YouBar is a facial recognition software that uses cameras behind the bar to make a record of your face and drink order. The next time that you approach the bar, cameras pick your face out of the crowd and alerts the bartender of your name and last drink order. Viola, your drink is ordered and being prepared by a system with a much better memory than that mustachioed barkeep wearing the suspenders – and before you even reach the moist counter.

Don’t expect to see YouBar at any of the hip dives around the country anytime soon, though. It’s only a concept design (albeit a very popular concept design) at the 2016 Graphics Processing Unit Technology Conference (GTC). Still, considering Chinese robot waiters have already moved from being hired to fired, it’s not hard to imagine YouBar’s tech in the bars of the not-too-distant future.

Shot glasses never need to be empty in the future.

Herta Security’s video cameras blanket banks, government buildings, train stations, and other population hubs.
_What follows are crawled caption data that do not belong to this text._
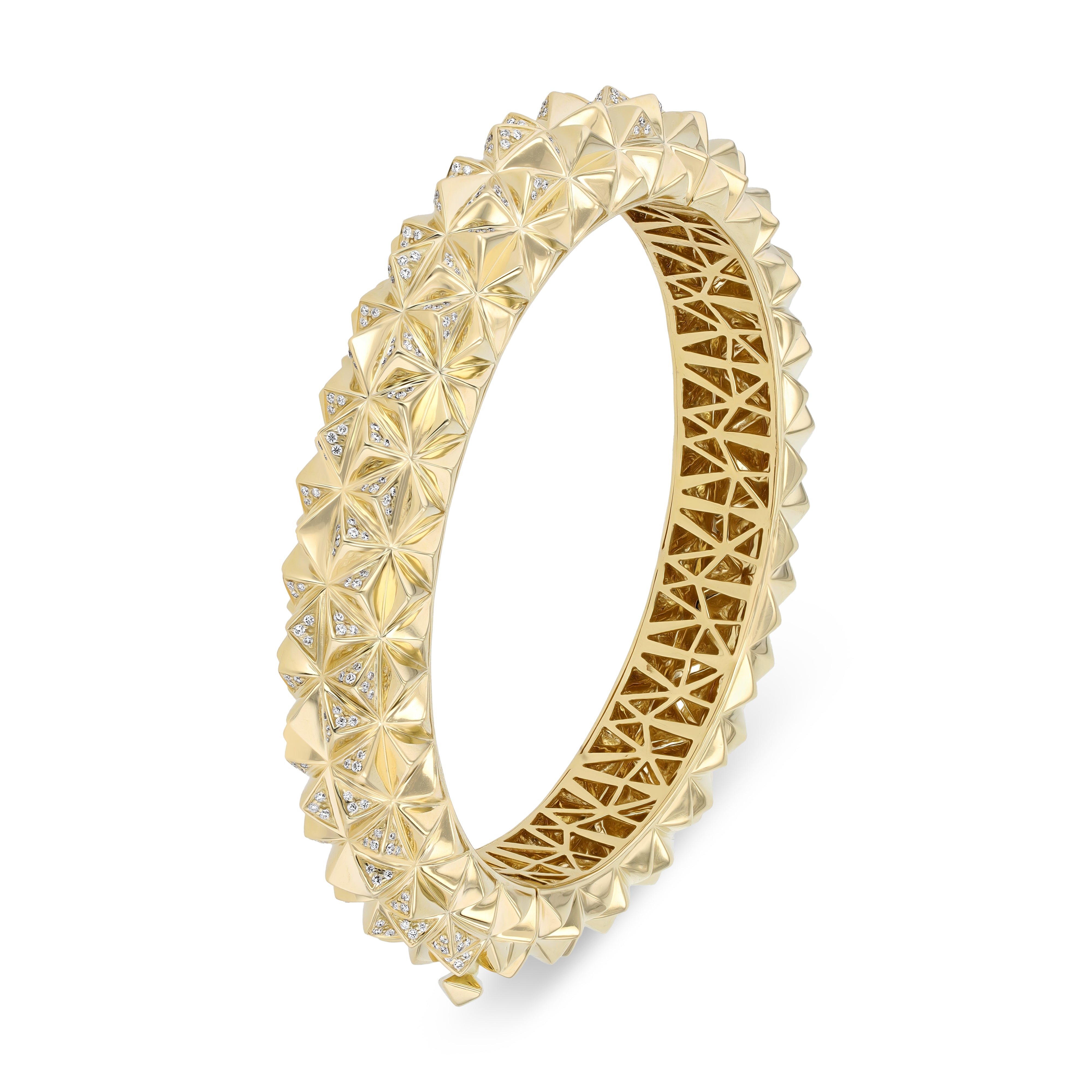 Tilal Noor Half Diamond Bangle – Yellow Gold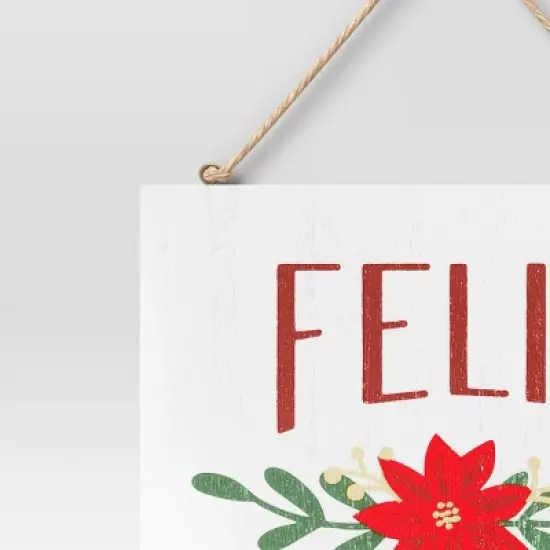 Reversible 'Felices Fiestas' to 'Feliz Navidad' Wood Christmas Wall D&eacute;cor Dark Red/White - Wondershop&trade; image {4}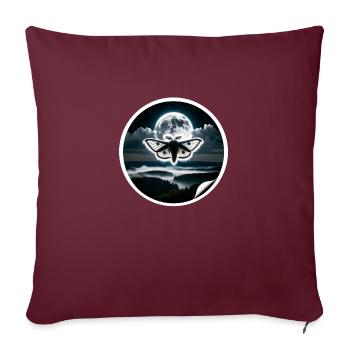 Papillon de nuit - Créatures de la nuit - Housse de coussin décorative 45 x 45 cm - bordeaux - Devant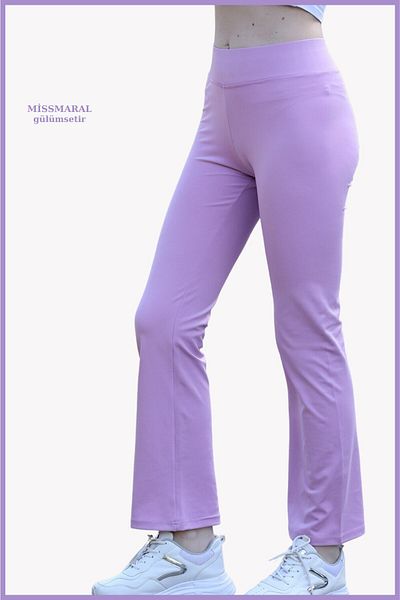 missmaral Women's Leggings Lilac Color High Waist Wide Leg Elastic Belt Full Length Diving Fabric105101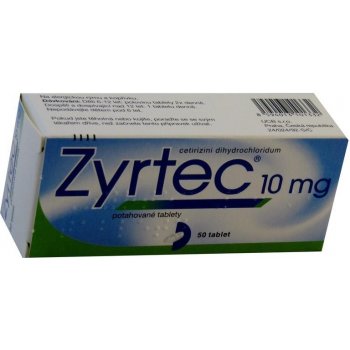 Zyrtec por.tbl.flm. 50 x 10 mg od 167 Kč - Heureka.cz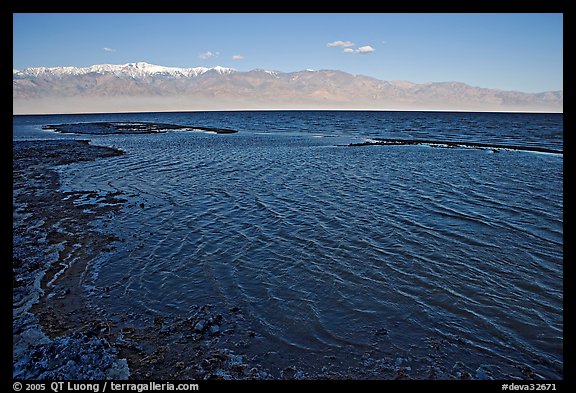 Flooded Badwater basin, early morning. Death Valley National Park (color)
The company is focused on capturing criminals after they commit crimes, but as every CCTV conspiracy theorist knows, the same video can easily be used for other purposes. Herta CEO Javier Saeta told the Nvidia blog that YouBar is just a fun way for people to get acquainted with facial recognition technology.

Nvidia enters this harmless iteration of surveillance-state actions with its new Jetson TX1 visual computing platform. Jetson TX1 helps Herta’s cameras recognize a person’s face, gender, ethnicity, age, and facial expression. It can also do something called “frontalization,” which moves a person in the video’s face from an angle to straight ahead.

This is the type of computing that could help Herta’s security business, but it could also help them transition into the retail data business. A backlog of big data on each customer’s preferences would be useful for retail and service businesses in more ways than just drink orders, despite how creepy it may sound.

But Orwellian Big Brother fears aside, can’t we all agree the drink-ordering process could use some added efficiency?